Stream: python-questions
Topic: counting nans per month
Anna-Lena Deppenmeier (Jun 07 2021 at 22:42):
Hi all, I'm trying to count the nans in my dataset per month. I have previously counted nans in the entire dataset like this:
nans_wdt = xr.ufuncs.isnan(ds_wdt_iso.wdt_iso).sum(dim='time')
but now would like to do this per month. Using groupby('time.month')
doesn't work unfortunately:
AttributeError: 'DatasetGroupBy' object has no attribute '_unary_op'
I can count per month with this (where mon
stands for the months I'm currently counting): xr.ufuncs.isnan(ds_wdt_iso.sel(time=ds_wdt_iso.wdt_iso.time.dt.month.isin([mon]))).sum(dim='time')
,
but then the only way I see to get all 12 months is to loop -- can someone help with a more elegant solution?
Deepak Cherian (Jun 07 2021 at 23:15):
ds.groupby("time.month").map(lambda g: g.isnull().sum("time"))
Anna-Lena Deppenmeier (Jun 08 2021 at 15:16):
cool I'll try it and learn more about map and lambda (I noticed it saved the day already with Danica's problem)
Deepak Cherian (Jun 08 2021 at 15:44):
A non-lambda version is
def count_null(obj): return obj.isnull().sum("time") ds.groupby("time.month").map(count_null). # applies count_null to each group
They're equivalent, for such short functions that are used only once it's just a lot more convenient to use a lambda (especially if you're lazy like me)
Brian Bonnlander (Jun 08 2021 at 19:59):
Coding "best practices" can be endlessly debated, but I follow the general rule of avoiding the use of lambda if you're writing code that other people in the wider community will want to run also.
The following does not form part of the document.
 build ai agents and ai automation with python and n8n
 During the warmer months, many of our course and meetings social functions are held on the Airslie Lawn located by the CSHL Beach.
One of python's potential advantages is that ideas can be expressed in short, simple pieces of code that can be understood quickly.
Danica Lombardozzi (Jun 08 2021 at 20:30):
@Brian Bonnlander I do not fully understand lambda
functionality (it was also provided in an example to me earlier this week), but can you explain why it might be problematic when sharing code more broadly?
Brian Bonnlander (Jun 08 2021 at 20:42):
I didn't mean anything super profound. Lambda functions are not strictly necessary in most computer languages. They act as a form of convenience. Lambdas are "unnamed" or "ephemeral" functions which can be convenient when you need to use a function once, you never want to use it again.
Most places where lambdas are used, you could instead define a function first (as above with the count_null()
function). Function definitions are nice because you can give them English names that describe what they do. Most people find that helpful.
It always takes me longer to understand what someone is trying to do with their code if many steps are happening on a single line. Lambdas kind of require you to produce longer coding expressions, and that makes it harder for others to quickly determine the code's intent.
Danica Lombardozzi (Jun 08 2021 at 20:45):
Thanks for this clear explanation! It's very helpful for me to understand lambda and best coding practices.
Last updated: Jan 30 2022 at 12:01 UTC